Em um cenário com pouca atuação das mulheres no mercado editorial brasileiro, a divulgação das publicações “Chão de Feira” torna-se ainda mais relevante. A série “Caderno de Leituras” publica breves ensaios inéditos ou de rara circulação e podem ser baixados gratuitamente no site da editora. Ao todo são 130 cadernos, com diferentes temáticas e autorias.

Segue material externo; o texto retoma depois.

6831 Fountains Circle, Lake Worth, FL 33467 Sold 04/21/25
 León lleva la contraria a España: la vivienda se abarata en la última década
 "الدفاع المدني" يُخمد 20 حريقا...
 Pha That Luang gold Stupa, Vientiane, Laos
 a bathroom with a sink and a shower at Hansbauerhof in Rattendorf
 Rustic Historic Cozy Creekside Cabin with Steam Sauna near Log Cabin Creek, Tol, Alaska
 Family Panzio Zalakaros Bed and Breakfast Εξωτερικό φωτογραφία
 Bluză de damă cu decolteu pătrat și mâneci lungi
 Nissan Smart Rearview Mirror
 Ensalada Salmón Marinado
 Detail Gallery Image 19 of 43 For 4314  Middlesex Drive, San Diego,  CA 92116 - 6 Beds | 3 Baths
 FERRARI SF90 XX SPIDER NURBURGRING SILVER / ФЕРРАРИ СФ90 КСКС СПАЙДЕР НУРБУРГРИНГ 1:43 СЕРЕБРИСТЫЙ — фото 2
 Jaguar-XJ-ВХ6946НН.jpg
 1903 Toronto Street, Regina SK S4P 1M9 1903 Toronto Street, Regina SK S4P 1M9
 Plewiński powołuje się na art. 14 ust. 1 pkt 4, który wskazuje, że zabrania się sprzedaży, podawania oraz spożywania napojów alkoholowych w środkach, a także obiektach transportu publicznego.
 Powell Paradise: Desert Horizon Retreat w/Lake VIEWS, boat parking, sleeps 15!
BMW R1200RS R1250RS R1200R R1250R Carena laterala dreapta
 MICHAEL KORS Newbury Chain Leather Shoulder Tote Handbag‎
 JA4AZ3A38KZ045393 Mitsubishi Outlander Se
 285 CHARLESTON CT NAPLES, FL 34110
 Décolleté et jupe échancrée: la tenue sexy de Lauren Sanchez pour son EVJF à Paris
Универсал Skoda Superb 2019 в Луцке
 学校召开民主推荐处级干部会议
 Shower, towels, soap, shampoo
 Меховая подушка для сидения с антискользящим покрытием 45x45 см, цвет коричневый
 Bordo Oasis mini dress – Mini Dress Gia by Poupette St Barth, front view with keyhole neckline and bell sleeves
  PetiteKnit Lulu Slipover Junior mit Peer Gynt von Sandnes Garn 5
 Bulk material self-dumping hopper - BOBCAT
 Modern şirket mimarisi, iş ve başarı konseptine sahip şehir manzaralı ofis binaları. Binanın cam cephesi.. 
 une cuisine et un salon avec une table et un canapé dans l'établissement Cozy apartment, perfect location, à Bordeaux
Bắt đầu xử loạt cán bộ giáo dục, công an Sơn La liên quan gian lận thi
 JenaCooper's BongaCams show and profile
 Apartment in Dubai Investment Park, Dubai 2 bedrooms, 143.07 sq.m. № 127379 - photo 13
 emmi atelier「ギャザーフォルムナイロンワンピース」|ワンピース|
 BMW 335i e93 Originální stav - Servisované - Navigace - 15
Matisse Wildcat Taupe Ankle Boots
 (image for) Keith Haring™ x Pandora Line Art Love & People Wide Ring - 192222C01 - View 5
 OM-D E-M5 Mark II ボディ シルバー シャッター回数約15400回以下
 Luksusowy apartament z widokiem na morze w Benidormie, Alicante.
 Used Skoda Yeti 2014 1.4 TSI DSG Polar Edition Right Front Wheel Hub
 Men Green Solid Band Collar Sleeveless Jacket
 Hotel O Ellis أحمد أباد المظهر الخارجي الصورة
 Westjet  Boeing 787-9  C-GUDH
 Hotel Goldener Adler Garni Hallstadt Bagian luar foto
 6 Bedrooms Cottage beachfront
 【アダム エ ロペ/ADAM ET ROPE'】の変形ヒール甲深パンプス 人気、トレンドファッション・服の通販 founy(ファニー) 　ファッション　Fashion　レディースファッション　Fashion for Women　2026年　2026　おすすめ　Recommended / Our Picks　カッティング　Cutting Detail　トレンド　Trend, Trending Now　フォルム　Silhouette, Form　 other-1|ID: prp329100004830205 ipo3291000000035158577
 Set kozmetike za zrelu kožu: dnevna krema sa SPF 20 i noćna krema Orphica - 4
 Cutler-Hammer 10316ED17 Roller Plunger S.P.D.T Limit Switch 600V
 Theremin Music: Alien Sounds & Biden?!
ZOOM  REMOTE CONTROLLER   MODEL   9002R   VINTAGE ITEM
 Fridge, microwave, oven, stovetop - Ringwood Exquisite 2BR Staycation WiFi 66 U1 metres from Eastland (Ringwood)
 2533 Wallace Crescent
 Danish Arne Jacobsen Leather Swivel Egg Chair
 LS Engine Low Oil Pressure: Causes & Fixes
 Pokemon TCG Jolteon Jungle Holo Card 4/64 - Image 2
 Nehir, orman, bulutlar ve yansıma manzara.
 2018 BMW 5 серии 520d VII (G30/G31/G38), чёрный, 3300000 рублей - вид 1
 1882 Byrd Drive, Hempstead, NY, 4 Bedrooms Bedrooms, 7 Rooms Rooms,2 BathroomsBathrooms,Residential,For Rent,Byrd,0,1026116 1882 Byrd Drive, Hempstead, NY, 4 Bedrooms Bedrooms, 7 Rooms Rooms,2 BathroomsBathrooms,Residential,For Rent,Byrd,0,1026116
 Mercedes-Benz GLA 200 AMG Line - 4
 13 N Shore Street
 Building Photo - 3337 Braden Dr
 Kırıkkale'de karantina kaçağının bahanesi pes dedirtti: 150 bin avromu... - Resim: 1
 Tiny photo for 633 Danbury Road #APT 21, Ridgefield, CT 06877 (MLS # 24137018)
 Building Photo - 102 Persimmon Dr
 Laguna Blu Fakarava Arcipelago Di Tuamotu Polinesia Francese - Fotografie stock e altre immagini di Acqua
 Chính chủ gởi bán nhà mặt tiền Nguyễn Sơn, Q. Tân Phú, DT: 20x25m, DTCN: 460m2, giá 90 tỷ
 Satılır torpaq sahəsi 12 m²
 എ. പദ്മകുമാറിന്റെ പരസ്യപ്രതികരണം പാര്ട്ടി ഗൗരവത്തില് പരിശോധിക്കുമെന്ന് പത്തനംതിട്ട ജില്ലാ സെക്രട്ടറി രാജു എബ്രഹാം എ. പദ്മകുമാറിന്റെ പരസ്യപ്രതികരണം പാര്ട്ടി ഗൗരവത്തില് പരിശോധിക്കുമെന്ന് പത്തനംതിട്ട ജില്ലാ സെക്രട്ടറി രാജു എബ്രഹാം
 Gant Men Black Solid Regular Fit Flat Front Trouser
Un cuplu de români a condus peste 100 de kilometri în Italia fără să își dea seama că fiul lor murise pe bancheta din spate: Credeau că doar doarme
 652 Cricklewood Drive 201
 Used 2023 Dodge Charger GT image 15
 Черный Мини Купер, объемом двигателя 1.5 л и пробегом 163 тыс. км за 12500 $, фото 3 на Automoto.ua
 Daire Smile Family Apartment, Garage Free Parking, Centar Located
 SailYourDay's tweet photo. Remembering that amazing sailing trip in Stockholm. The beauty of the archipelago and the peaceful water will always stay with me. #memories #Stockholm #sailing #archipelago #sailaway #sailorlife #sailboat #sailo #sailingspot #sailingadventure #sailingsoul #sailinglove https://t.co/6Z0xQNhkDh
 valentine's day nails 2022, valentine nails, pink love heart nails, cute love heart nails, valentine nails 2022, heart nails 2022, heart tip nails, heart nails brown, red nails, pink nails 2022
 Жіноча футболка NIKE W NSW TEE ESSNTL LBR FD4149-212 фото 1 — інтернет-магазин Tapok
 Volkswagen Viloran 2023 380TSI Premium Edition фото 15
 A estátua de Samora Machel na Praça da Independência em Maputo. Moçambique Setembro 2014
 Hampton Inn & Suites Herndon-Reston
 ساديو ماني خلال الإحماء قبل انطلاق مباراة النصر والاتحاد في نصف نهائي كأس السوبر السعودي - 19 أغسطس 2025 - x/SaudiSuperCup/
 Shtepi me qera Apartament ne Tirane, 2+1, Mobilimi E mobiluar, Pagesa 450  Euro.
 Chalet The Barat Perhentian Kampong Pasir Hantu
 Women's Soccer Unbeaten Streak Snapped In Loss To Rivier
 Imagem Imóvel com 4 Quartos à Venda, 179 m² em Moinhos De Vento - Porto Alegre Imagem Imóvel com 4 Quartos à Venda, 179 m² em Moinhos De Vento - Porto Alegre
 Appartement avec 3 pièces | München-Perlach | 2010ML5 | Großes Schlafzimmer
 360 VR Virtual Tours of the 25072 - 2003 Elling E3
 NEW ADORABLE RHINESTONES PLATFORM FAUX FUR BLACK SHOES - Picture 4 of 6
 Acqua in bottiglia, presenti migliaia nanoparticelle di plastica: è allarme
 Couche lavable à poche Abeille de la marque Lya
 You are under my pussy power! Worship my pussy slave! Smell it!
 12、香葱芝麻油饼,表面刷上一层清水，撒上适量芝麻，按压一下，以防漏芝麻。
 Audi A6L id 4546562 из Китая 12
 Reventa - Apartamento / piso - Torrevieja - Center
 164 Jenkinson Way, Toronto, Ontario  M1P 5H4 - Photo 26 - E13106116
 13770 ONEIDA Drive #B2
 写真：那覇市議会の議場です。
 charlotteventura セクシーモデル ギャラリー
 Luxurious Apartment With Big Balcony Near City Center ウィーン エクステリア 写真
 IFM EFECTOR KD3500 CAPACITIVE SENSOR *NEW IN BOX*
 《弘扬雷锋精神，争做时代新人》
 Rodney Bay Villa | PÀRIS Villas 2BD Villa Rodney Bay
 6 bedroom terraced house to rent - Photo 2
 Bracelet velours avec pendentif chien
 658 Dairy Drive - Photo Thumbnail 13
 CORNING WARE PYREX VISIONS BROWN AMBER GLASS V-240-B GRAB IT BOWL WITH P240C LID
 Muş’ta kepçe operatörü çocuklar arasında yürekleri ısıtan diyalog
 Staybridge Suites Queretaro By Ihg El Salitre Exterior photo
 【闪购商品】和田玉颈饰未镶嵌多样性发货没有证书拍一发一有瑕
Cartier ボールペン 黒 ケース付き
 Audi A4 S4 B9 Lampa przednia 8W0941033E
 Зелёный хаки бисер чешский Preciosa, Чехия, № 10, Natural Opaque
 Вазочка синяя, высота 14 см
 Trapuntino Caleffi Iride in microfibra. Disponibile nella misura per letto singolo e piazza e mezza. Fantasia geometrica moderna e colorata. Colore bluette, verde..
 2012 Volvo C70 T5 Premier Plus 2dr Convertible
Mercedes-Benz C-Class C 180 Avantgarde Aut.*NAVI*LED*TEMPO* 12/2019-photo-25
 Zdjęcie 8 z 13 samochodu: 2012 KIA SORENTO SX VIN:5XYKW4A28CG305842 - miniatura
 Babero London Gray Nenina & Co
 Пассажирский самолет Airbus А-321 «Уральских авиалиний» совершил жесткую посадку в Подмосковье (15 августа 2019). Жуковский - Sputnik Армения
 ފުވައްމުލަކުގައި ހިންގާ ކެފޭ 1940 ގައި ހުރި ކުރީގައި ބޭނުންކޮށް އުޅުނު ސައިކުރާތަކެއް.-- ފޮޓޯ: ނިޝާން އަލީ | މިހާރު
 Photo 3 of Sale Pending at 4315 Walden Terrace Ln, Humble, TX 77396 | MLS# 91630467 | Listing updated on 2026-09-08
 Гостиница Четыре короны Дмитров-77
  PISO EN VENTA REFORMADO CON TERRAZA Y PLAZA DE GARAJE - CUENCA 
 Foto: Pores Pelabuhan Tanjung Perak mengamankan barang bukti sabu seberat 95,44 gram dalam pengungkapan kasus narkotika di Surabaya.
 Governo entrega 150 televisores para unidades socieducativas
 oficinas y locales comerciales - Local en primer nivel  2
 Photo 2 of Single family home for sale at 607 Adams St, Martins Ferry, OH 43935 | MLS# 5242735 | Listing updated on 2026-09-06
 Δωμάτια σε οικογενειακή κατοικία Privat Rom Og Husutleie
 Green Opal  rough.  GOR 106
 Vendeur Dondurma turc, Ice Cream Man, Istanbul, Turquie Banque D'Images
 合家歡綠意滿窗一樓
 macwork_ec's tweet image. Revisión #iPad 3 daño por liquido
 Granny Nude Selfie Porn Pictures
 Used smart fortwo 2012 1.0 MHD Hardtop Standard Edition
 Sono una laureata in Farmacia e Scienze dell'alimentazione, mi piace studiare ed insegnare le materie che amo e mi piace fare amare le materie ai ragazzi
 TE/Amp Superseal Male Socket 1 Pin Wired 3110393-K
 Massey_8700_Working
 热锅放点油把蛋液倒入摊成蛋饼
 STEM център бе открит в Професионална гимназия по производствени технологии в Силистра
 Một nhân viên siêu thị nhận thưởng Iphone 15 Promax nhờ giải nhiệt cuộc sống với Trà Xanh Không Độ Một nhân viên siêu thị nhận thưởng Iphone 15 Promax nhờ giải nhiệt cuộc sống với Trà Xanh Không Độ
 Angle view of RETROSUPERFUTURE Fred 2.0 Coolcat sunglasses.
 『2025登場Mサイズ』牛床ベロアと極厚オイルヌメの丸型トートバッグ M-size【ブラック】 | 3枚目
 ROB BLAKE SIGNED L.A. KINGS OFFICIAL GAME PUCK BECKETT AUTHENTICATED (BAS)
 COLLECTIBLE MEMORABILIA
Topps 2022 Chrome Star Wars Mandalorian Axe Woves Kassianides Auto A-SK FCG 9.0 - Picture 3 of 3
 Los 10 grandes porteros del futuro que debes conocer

A editora também comercializa livros e realiza oficinas de formação cultural. 

Segundo o dicionário Houaiss, o ensaio é “uma prosa livre que versa sobre tema específico, sem esgotá-lo...”. Penso que a leitura e escrita desse gênero textual poderia ser mais incentivada, pois possibilita a expressão de nossas opiniões, sentimentos e lembranças, sem compromisso com referenciais teóricos, ainda que eles possam ser empregados.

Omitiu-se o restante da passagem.